• [What you have to do]
An exact copy of the data is required; the images should not appear in it.

• [Scraped caption text data]
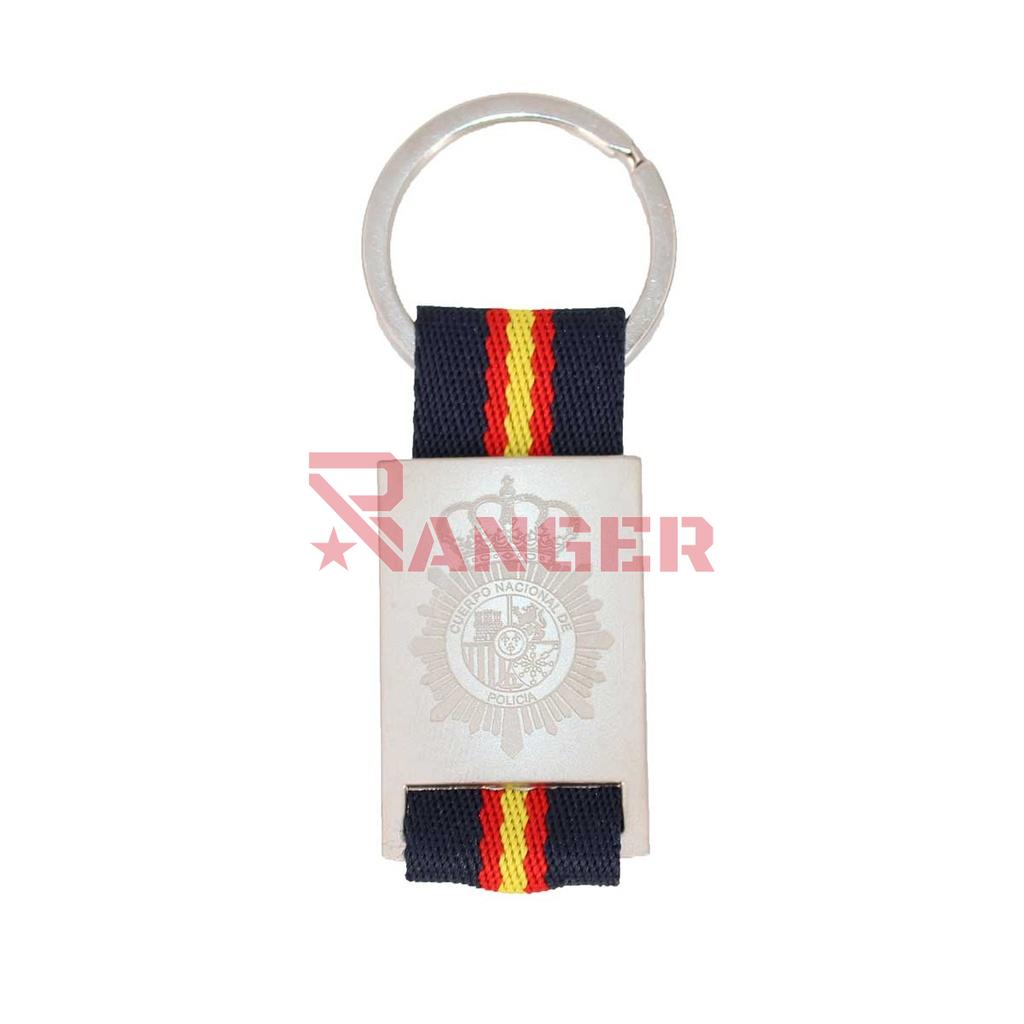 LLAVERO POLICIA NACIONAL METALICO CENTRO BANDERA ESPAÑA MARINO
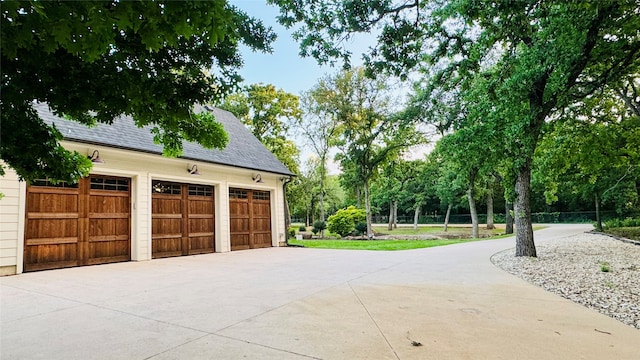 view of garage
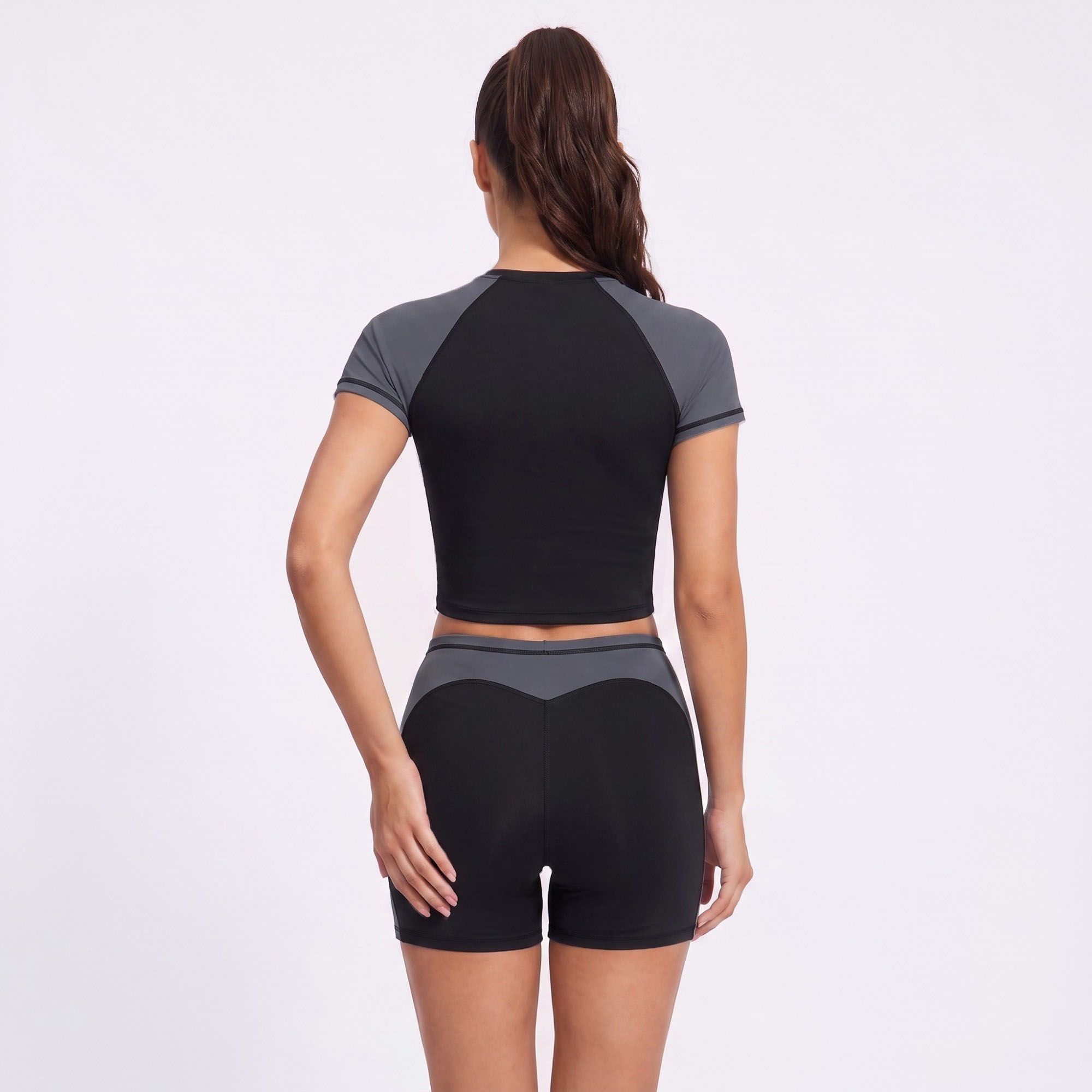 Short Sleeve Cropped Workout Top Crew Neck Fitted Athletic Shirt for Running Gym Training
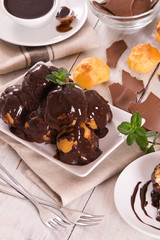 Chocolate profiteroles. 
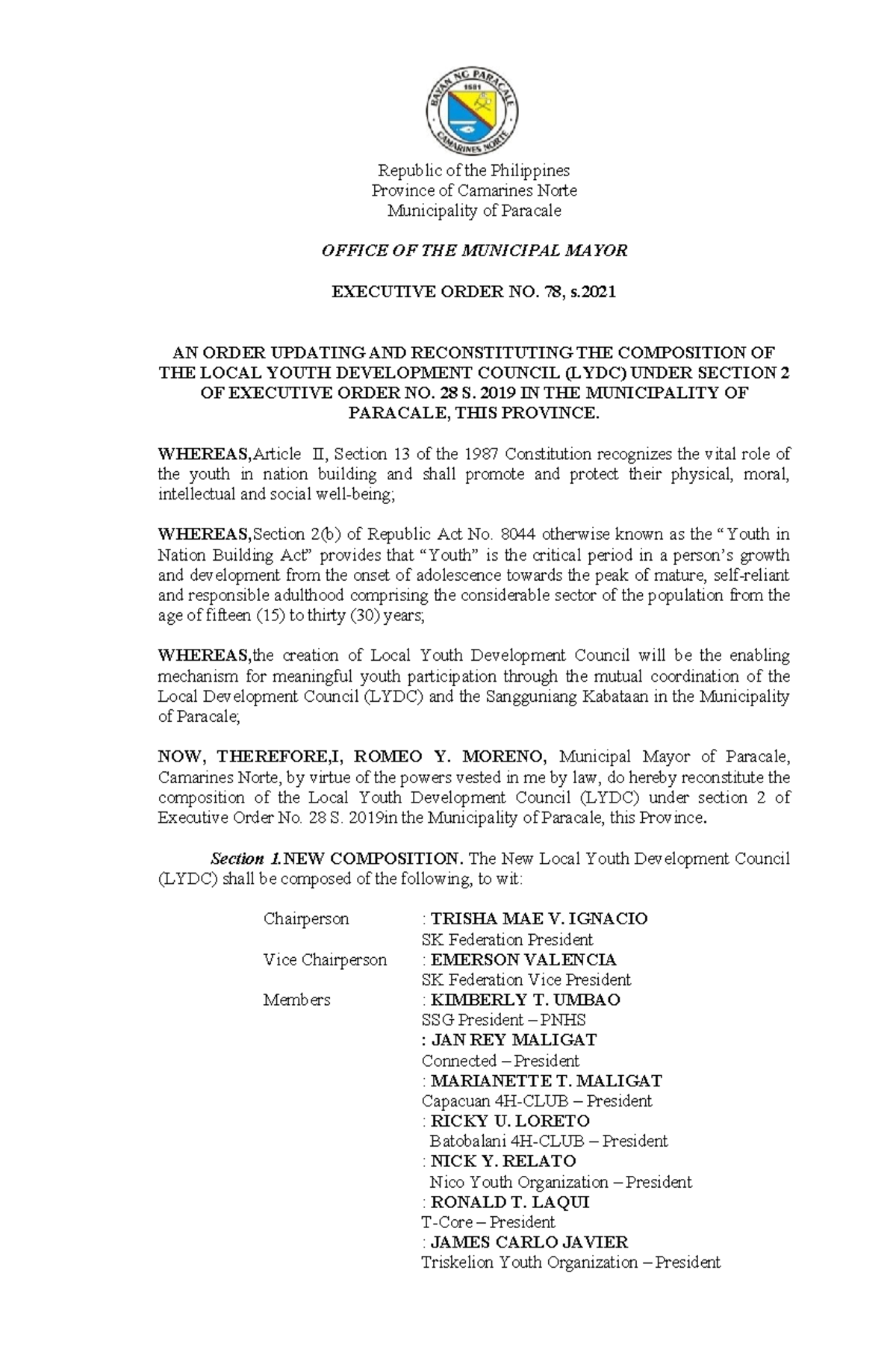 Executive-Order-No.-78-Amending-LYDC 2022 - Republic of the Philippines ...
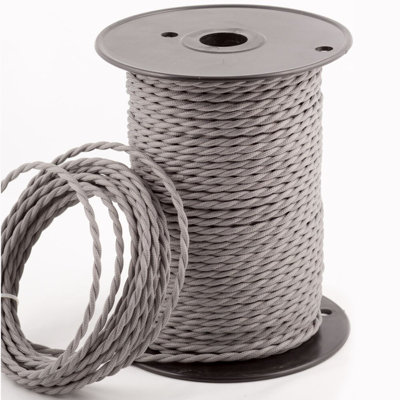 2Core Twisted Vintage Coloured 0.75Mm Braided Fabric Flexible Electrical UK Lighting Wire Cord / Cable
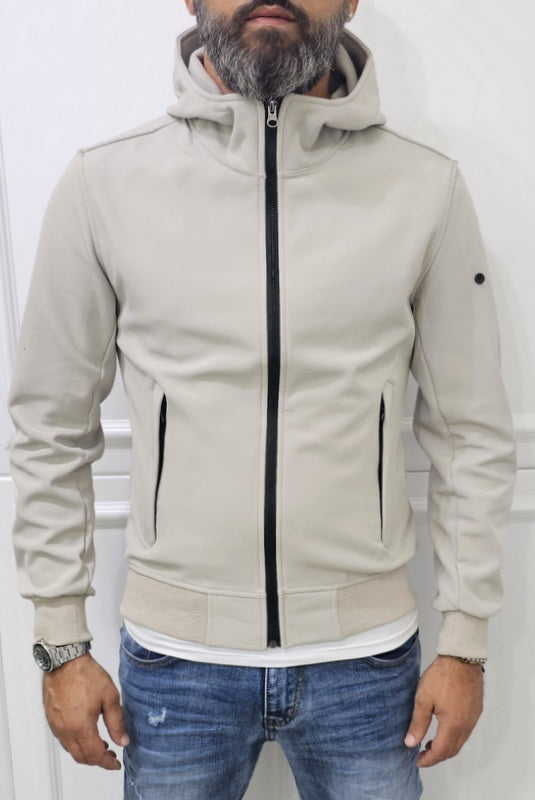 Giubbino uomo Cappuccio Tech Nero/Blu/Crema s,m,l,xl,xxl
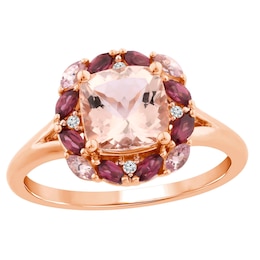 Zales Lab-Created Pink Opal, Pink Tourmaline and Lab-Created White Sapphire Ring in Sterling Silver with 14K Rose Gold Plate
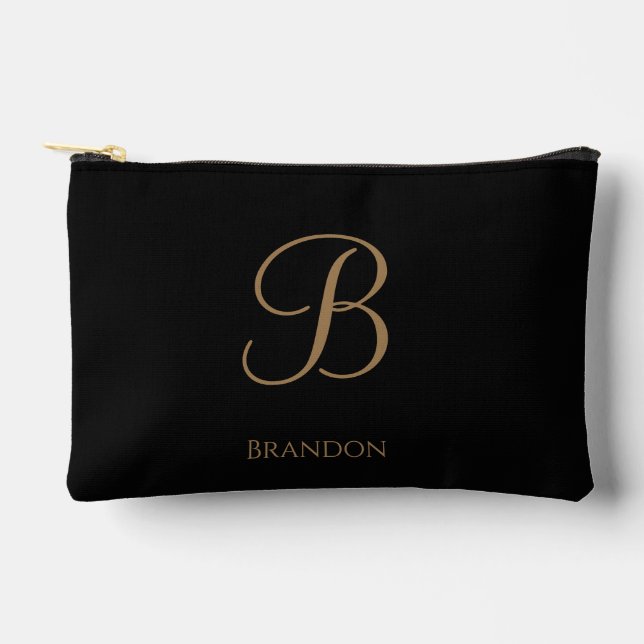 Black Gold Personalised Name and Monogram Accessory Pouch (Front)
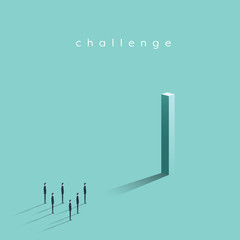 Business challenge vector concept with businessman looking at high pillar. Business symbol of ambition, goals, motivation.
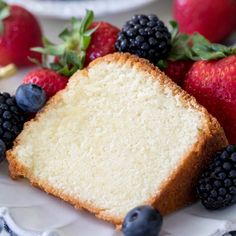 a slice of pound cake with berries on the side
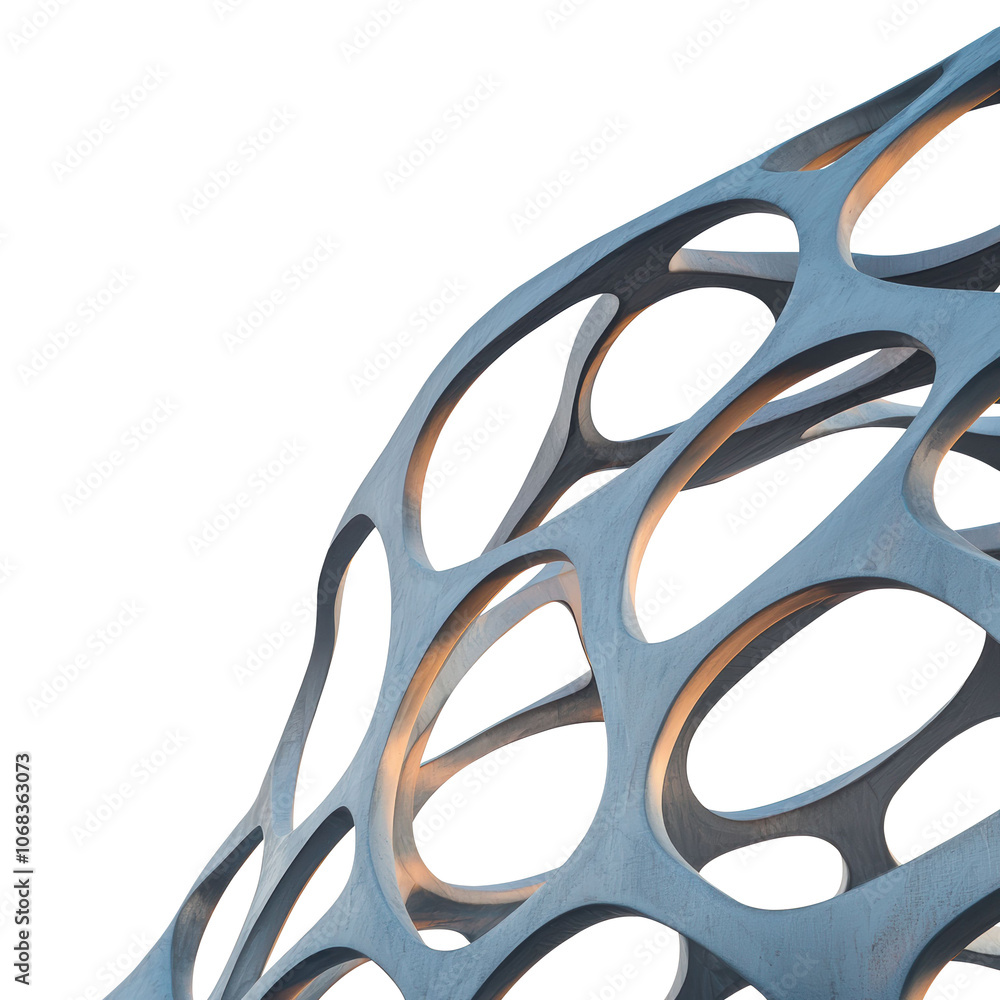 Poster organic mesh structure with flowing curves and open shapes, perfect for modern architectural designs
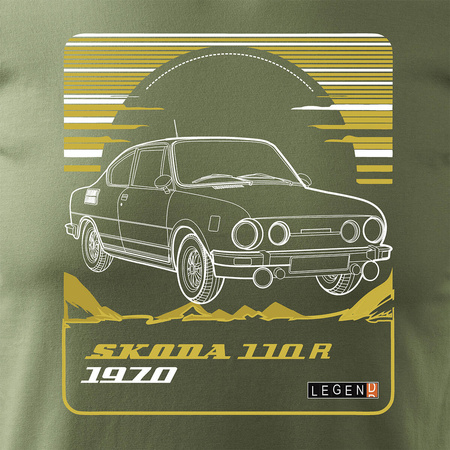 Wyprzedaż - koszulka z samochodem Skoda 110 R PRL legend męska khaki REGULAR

• [Solution to this exercise]
 LLAVERO POLICIA NACIONAL METALICO CENTRO BANDERA ESPAÑA MARINO
 view of garage
 Short Sleeve Cropped Workout Top Crew Neck Fitted Athletic Shirt for Running Gym Training
 Chocolate profiteroles. 
 Executive-Order-No.-78-Amending-LYDC 2022 - Republic of the Philippines ...
 2Core Twisted Vintage Coloured 0.75Mm Braided Fabric Flexible Electrical UK Lighting Wire Cord / Cable
 Giubbino uomo Cappuccio Tech Nero/Blu/Crema s,m,l,xl,xxl
 Zales Lab-Created Pink Opal, Pink Tourmaline and Lab-Created White Sapphire Ring in Sterling Silver with 14K Rose Gold Plate
 Black Gold Personalised Name and Monogram Accessory Pouch (Front)
 Business challenge vector concept with businessman looking at high pillar. Business symbol of ambition, goals, motivation.
 a slice of pound cake with berries on the side
 Poster organic mesh structure with flowing curves and open shapes, perfect for modern architectural designs
 Wyprzedaż - koszulka z samochodem Skoda 110 R PRL legend męska khaki REGULAR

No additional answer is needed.